A Hidden Wonder
Story and Photos by Lucas Handy
“Where in the world is Moore?” I had to ask Carol Webb, my mother-in-law of two months, when she revealed their family’s plan to move there.
“It’s by Arco,” she answered.
“Mmm,” was all I could muster as I imagined their alfalfa crop blooming in the cracks of lava flows at Craters of the Moon.
This was February 2013, and in a matter of weeks the Webbs forsook their family farm of generations at Raft River, a community at the confluence of the Raft and Snake Rivers west of American Falls. Their move was only eighty miles north as the crow flies but the Webbs felt like pioneers, and were delighted by the welcome they received from members of their new community.
From our home in Rexburg, my wife Mary and I headed straight west across the desert to find the mysterious little town. When we reached the unincorporated community of Howe, we followed the central Idaho desert line to Arco. Then we turned north and let the Big Lost River—locally known as the simply the Lost River—guide us eight miles on Highway 93 into the midst of the stunning Lost River Range. I’m a city boy originally from Burley, and it seemed that the voice in which this part of Idaho spoke to me was eloquent.

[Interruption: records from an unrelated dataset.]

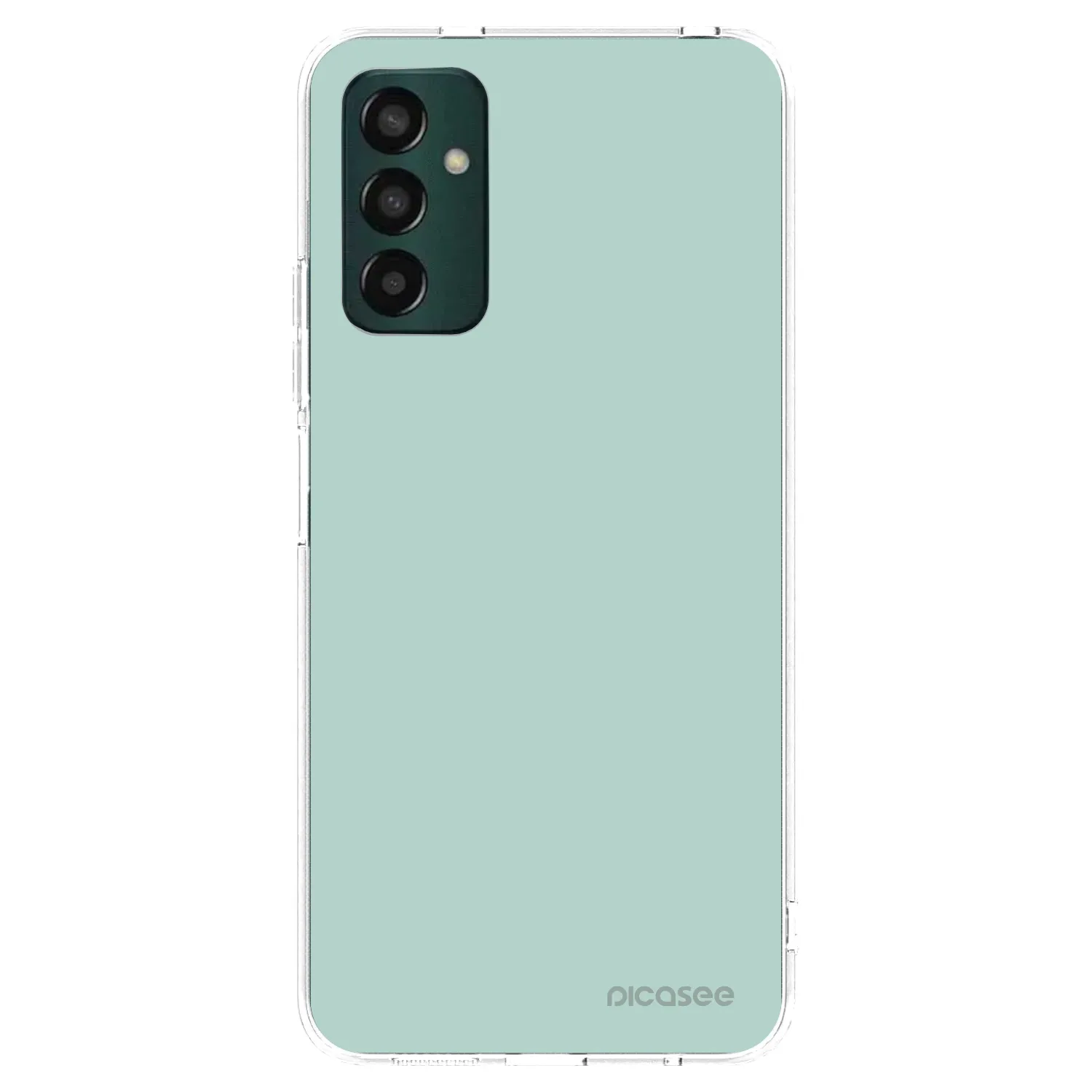 Picasee silikonski prozorni ovitek za Samsung Galaxy M13 M135F - Pastel Charm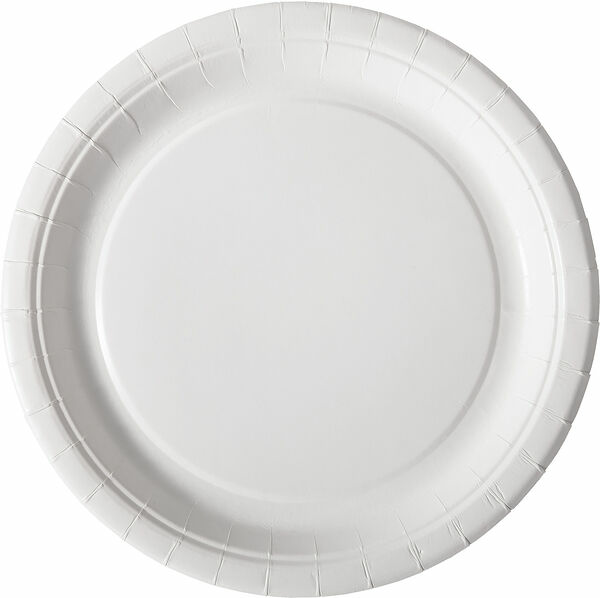 Tallrik flat 18 cm Duni - bild 1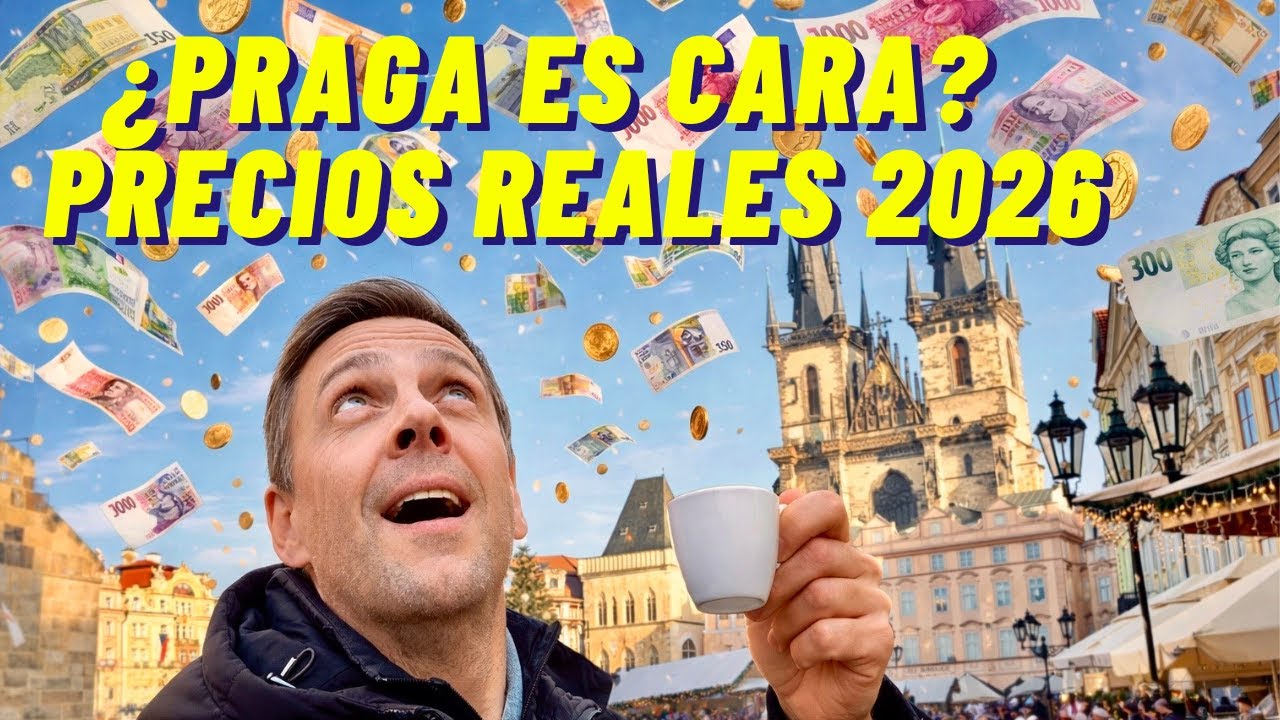 Precios reales en Praga: cuánto cuestan el café, la cerveza y el transporte (2026) #5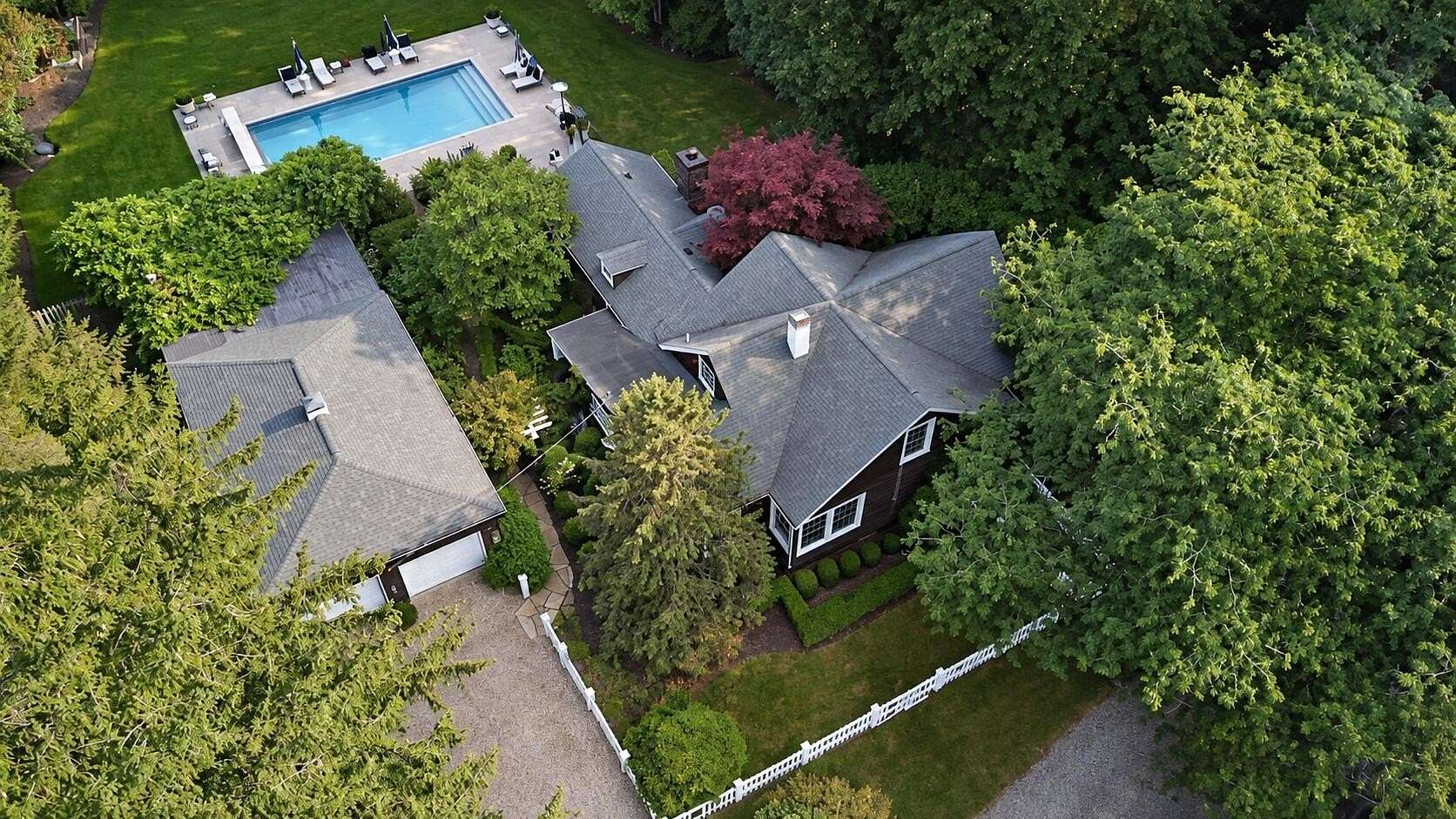 2.83 Acres of Land with Home for Sale in New Buffalo, Michigan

The Lost River is so called because it loses water, drop by drop, as it snakes its way through the desert and feeds the valley. While we drove onward, the landscape turned greener and the mountains grew. Nostalgia cascaded over me as I recalled visits to my grandfather’s cabin in Sun Valley just fifty miles west of this valley, but separated by the 12,009-foot Hyndman’s Peak. Five of the tallest peaks in Idaho tower within forty miles of Moore, nourishing the quaint valley with runoff from the snow and shielding it on all sides except the south. The farther we drove up the road, the more prominent the mountains became, which again reminded me of arriving at Grandpa’s place in the Wood River Valley.